The Greek case has also highlighted fault lines at the EU level: namely, the problem of fiscal imbalances between EU countries. Granted, Europe is not a political union – far from it – and therefore it does not have any mechanisms to coordinate socio-economic policy. Given the loose nature of the Union, countries produce economic policies whose content is a blend of national and EU priorities. What Germany’s conservative government is currently doing, however, is to deliberately transfer the political cost of its domestic policies to the countries of the south, thus exacerbating the problem. For years Germany has followed deflationary policies to keep labor costs down (thus effecting a real exchange rate differential with other countries), and has amassed a big trade surplus. So, despite the export orgy, little has trickled down to the (now disaffected) German worker. The German surplus is, of course, other countries’ deficit. But the Euro was introduced to stop such beggar-thy-neighbor mercantilist policies of devaluation and export. In our view a competitive economy that exports 2/3 of its products to other EU countries needs them, and should care about fiscal imbalances, given that Europe is now a Union – even if a loose one. We don’t see the reason for huge surpluses coupled with keeping costs low, while at the same time being on the Euro, other than economic nationalism. Furthermore, insult is added to injury when the political cost of these policies is transferred to outsiders. Its extremely misleading when, in view of the upcoming elections, Angela Merkel defends her government’s economic policies by saying that Germany is not going to save any Greek pensioners: Greek pensioners did not ask to be saved; Greece asked for a loan, not a transfer.
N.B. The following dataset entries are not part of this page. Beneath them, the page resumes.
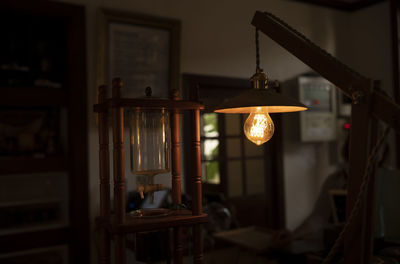 Close-up of illuminated light bulb hanging from ceiling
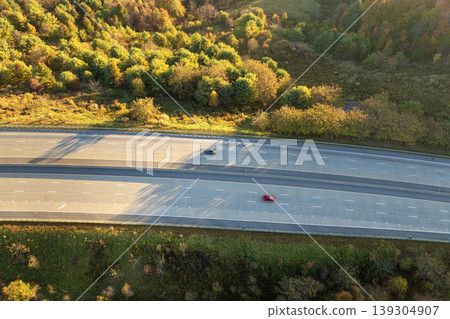 Highway road in American rural area. Expressway lanes for fast passing of car traffic Highway road in American rural area. Expressway lanes for fast passing of car traffic 139304907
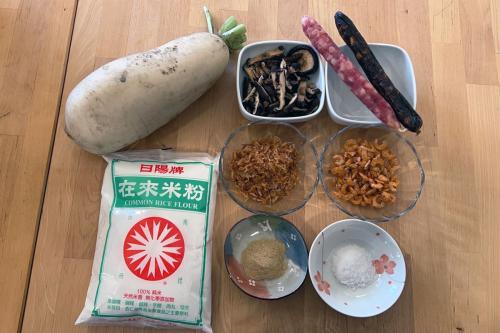 Ingredients arranged on a table: a plump white daikon radish, bag of rice flour, bowl of mushrooms, two skinny sausages, bowls of fried shallots and dried shrimp, and two bowls of powdery substance.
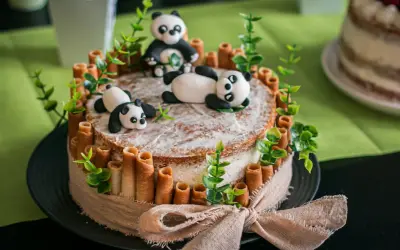 Un adorable layer cake anniversaire facile avec des pandas en pâte à sucre, des rouleaux de biscuit et des feuilles vertes.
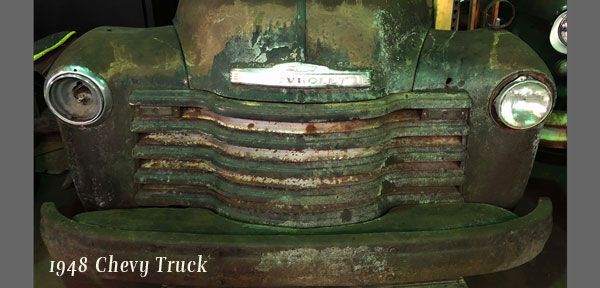 A close up of the front of an old chevy truck.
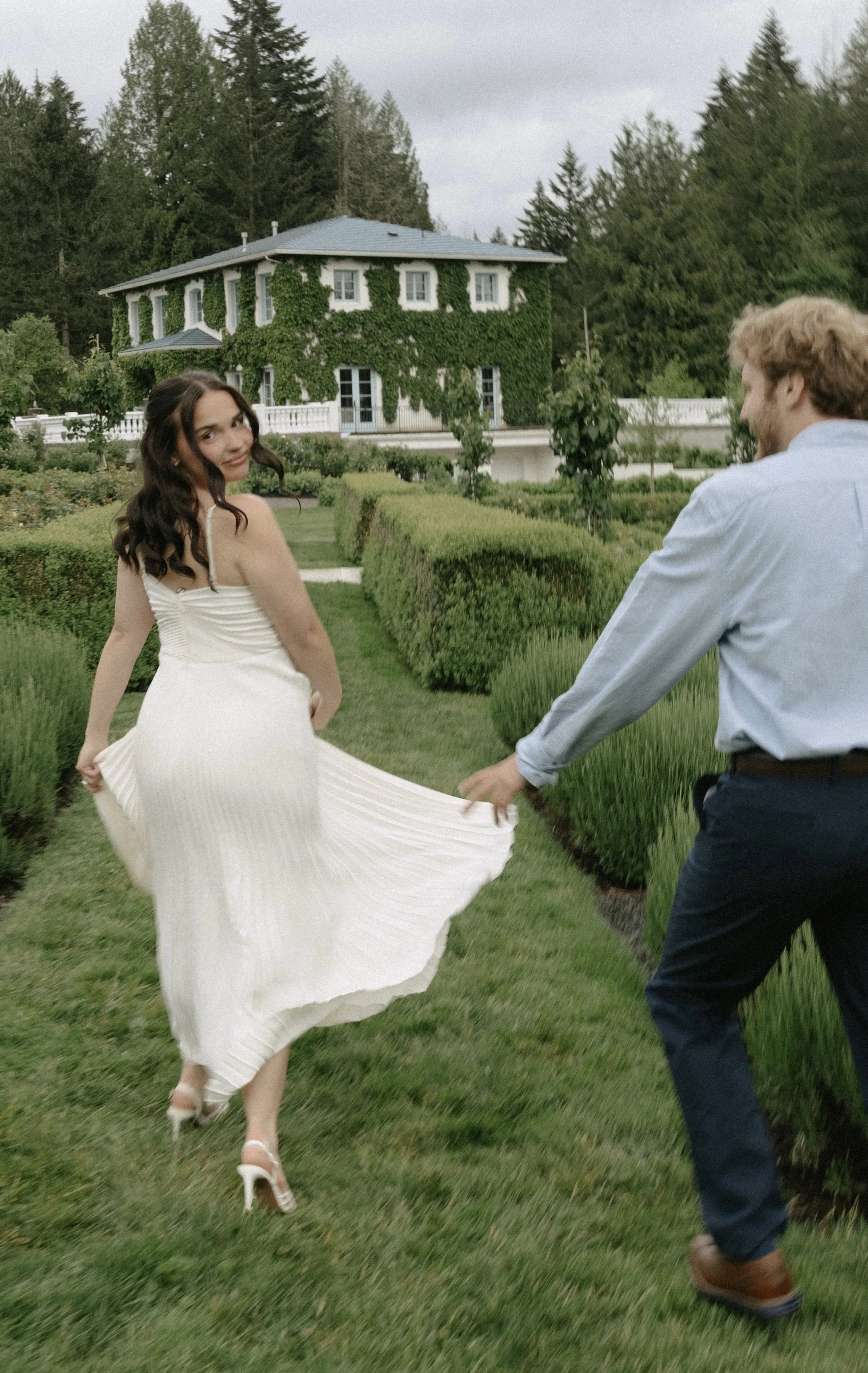 A woman in a white dress and heels dancing in a garden, holding the hand of a man in a light blue shirt and dark pants. A large green ivy-covered house is visible in the background.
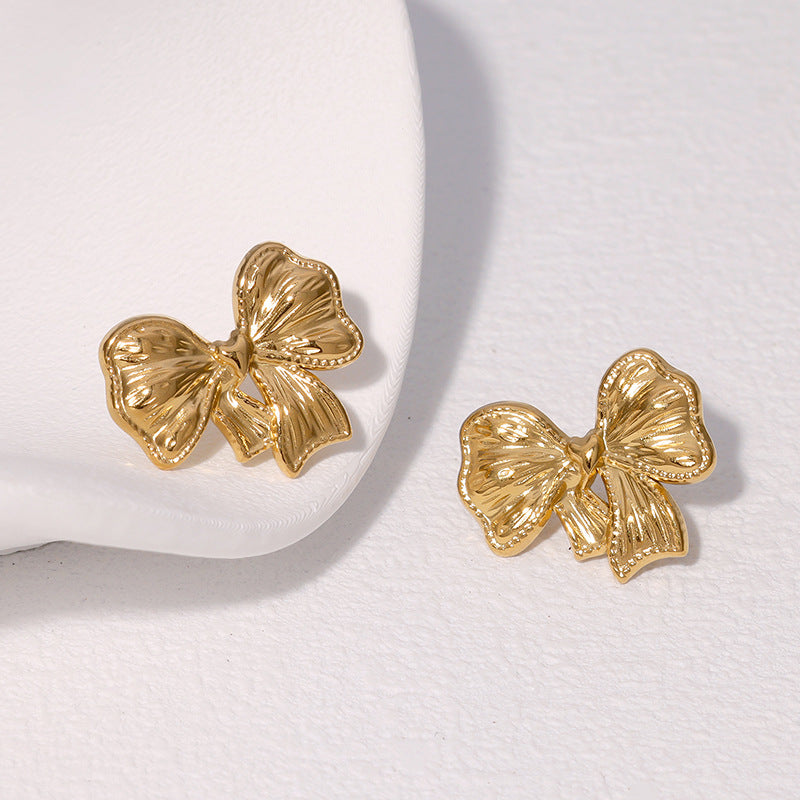 Pendientes minimalistas de acero inoxidable con forma de lazo y acabado chapado para mujer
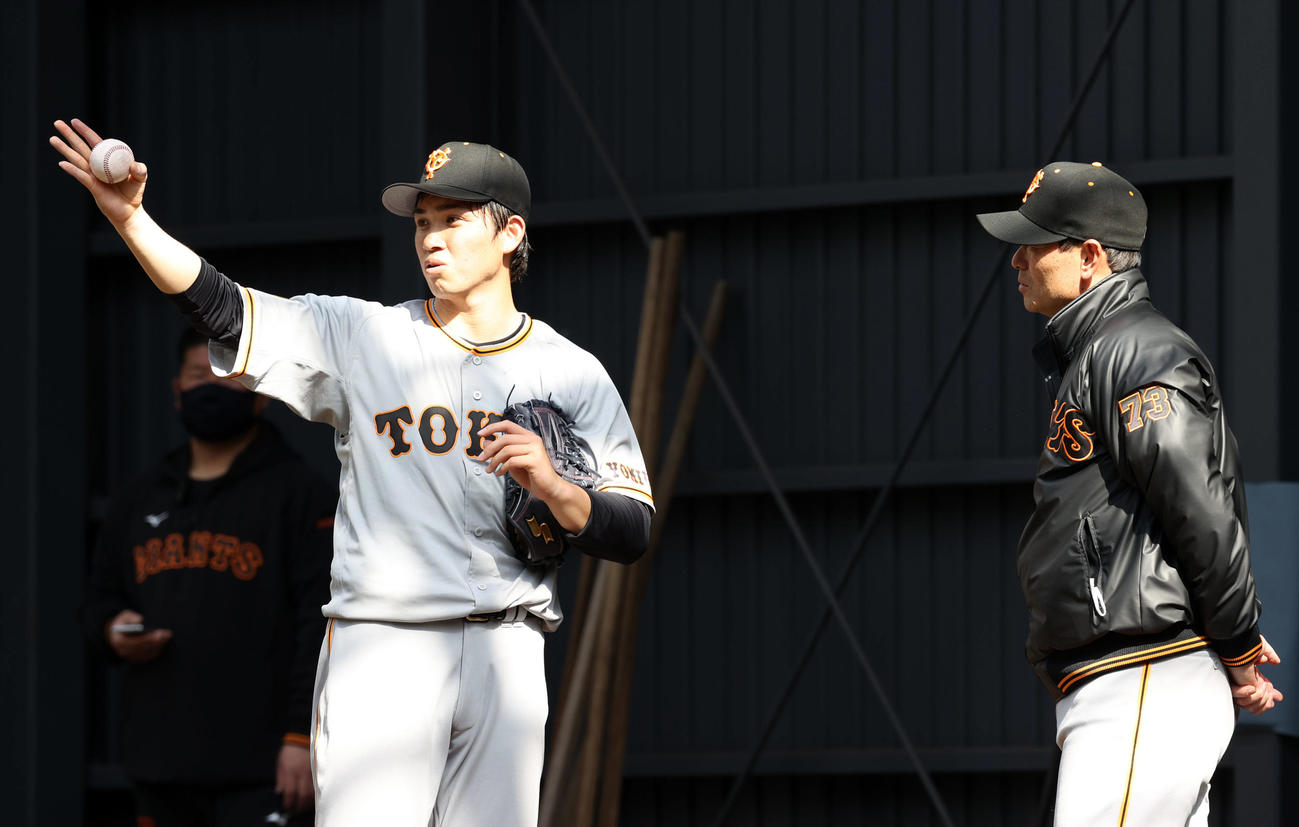 桑田投手チーフコーチ補佐（右）とブルペンで話し合う高橋（撮影・狩俣裕三）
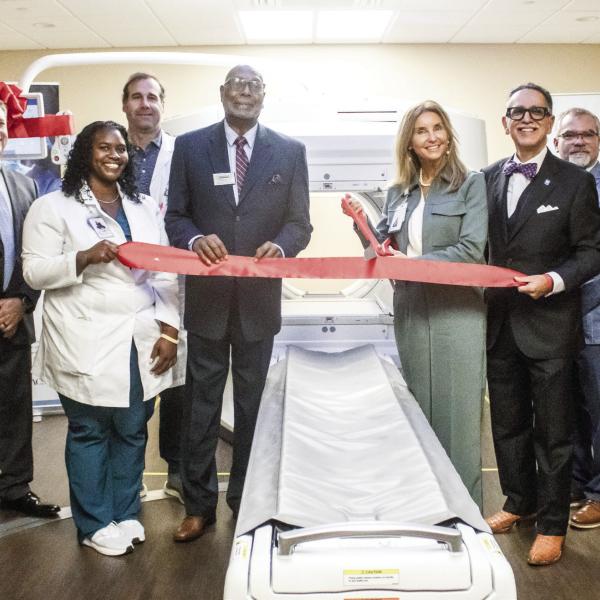 Morgan Medical Center staff, GE Health representatives, and local leaders cut the ceremonial ribbon to celebrate the facility’s milestone in nuclear medicine technology. SKYLA MORRIS/Staff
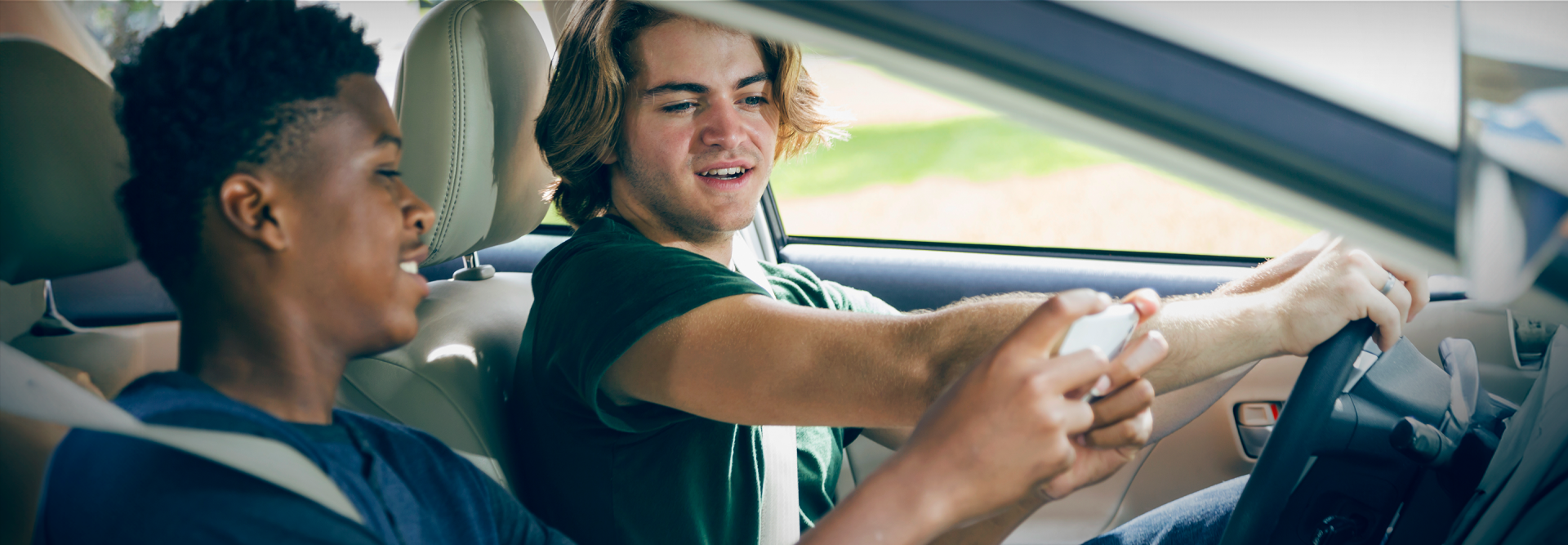 Photo of young driver looking at the phone of a young passenger while driving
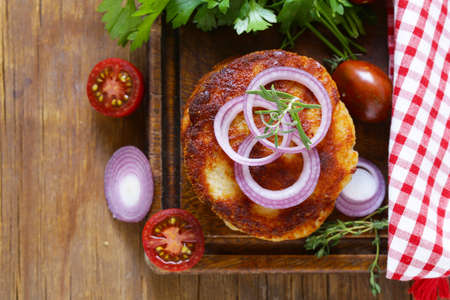 fried cutlets with herbs and onions on a wooden boardの写真素材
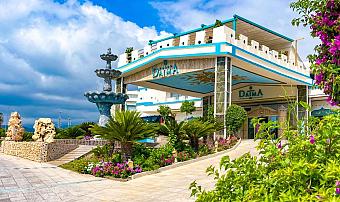 Haupteingang des Hotels mit dekorativem Brunnen, gepflegten Gärten und überdachtem Vorfahrtsbereich.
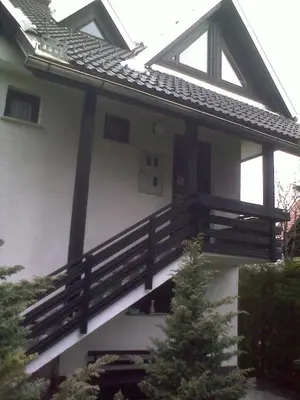 a house with a porch with a wooden balcony at Apartments Otašević in Kranjska Gora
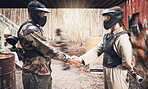 Handshake, paintball team and congratulations or support, sports game on battlefield and partnership with agreement. Mask for safety, speed and gun, people together on shooting range with trust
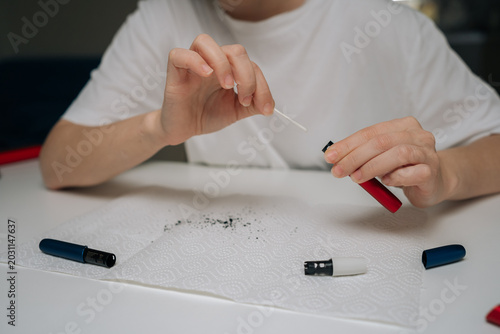 Foto Cropped shot of person cleaning electronic cigarette mouthpiece with cotton swab, removing residue for hygiene and maintenance in focused, close-up domestic self-care routine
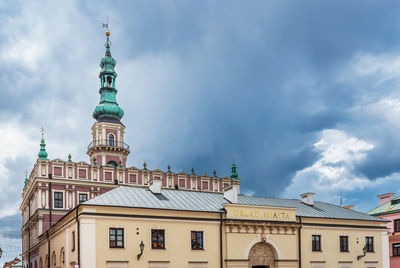 The city hall building with the town hall tower in the background. 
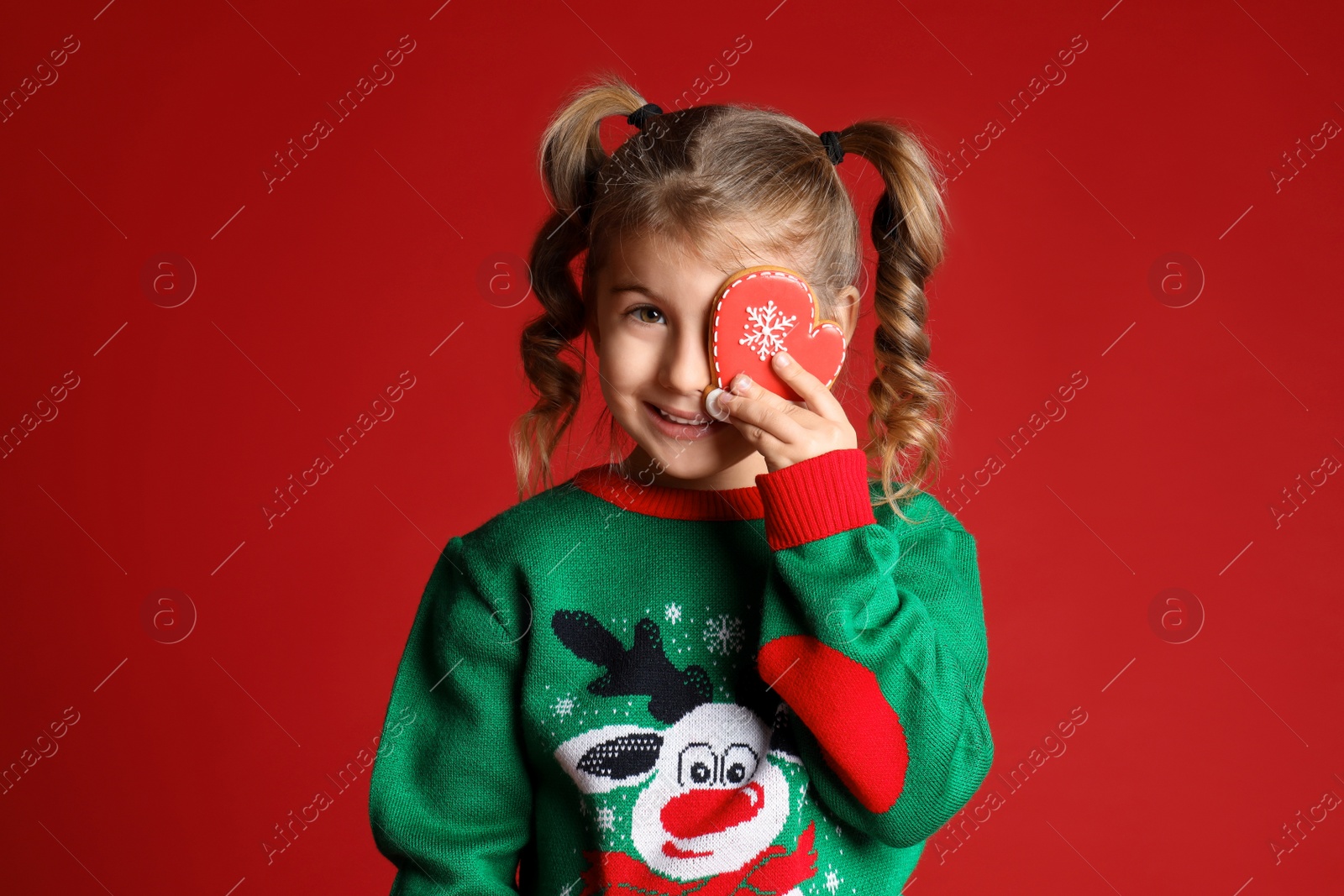 Photo of Cute little girl with Christmas gingerbread cookie on red background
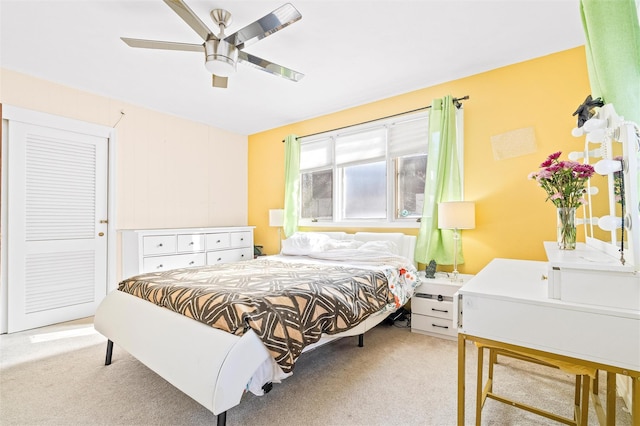 bedroom featuring light carpet and ceiling fan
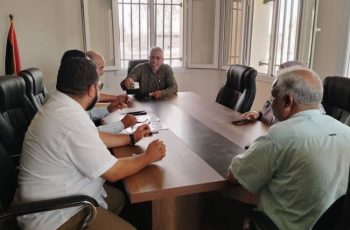 Six men sit around a rectangular conference table in a meeting room, one man in the center holding a cup and speaking to others.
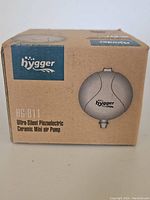 Front side of cardboard packaging box showing Hygger brand logo, HG-811 model, and product name as Ultra-Silent Piezoelectric Ceramic Mini Air Pump.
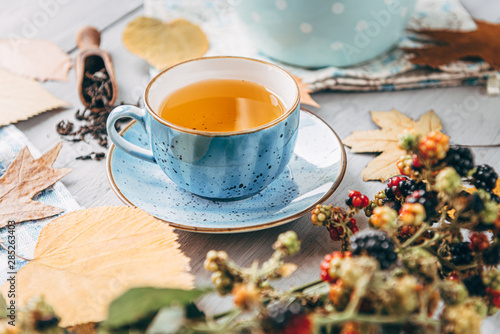 autumn warming tea on a wooden table with autumn tree leaves lying nearby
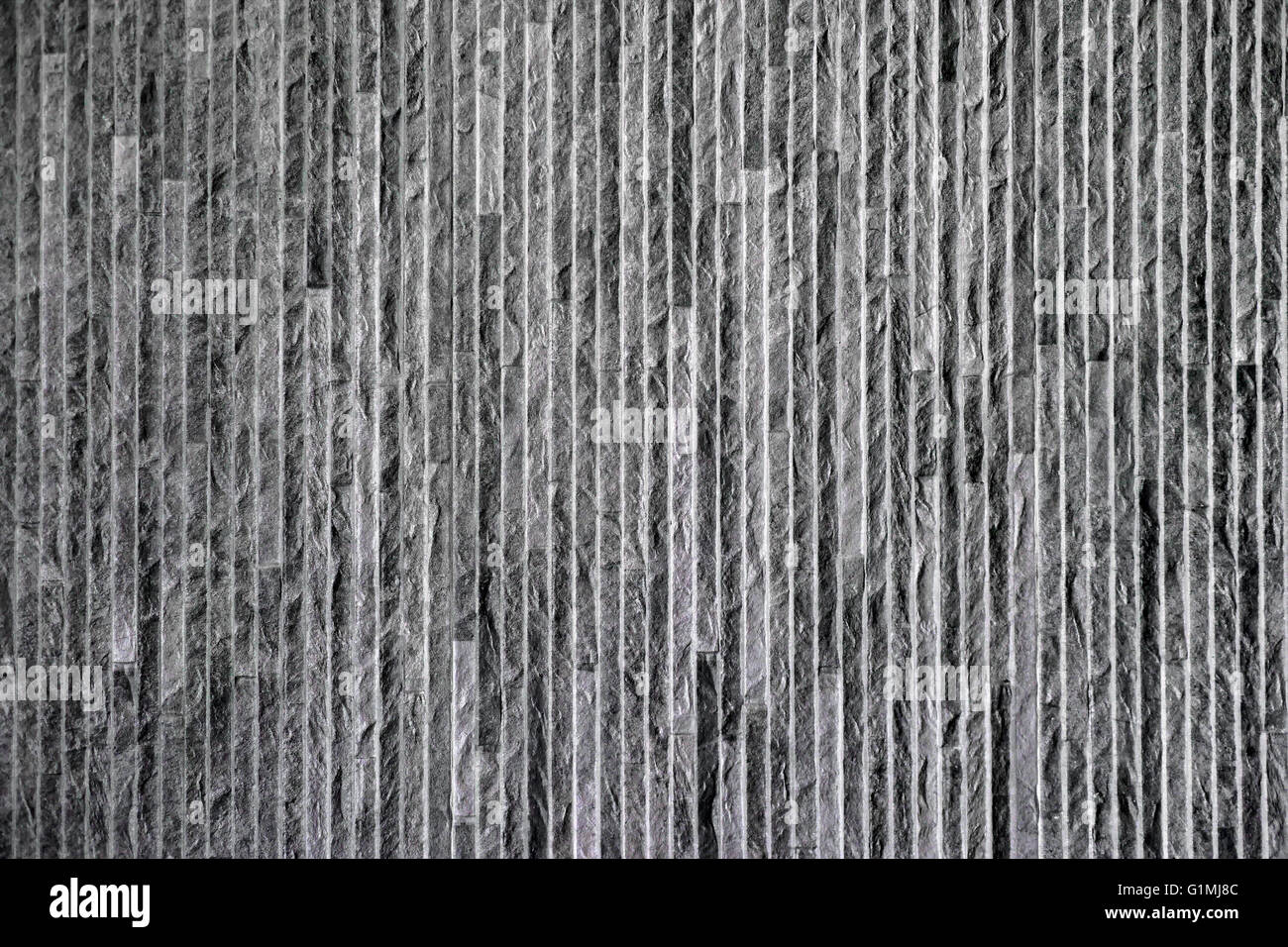 granite stone wall as background or texture Stock Photo - Alamy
The German economic hardship, and the resulting unpopularity of the current government, is a result of strictly German economic preferences (described above) and not German magnanimity towards Greek pensioners – or anybody else for that matter.
Finally, a note about the some of the criticism Greece is receiving: it is extremely hypocritical – not because its inaccurate, but because its true for everybody, not just Greece. Take the constant accusations in the international press and some political circles that Greece has been living beyond its means. Its true. But the current credit crisis is about everyone living beyond their means – not just Greece. That’s why it’s called a credit crisis, and that’s why it’s international. Take a look at the numbers for Spain and Ireland, not to mention Italy (some say that Greeks are saints compared to what Italians have done in their national accounts). And what about the US?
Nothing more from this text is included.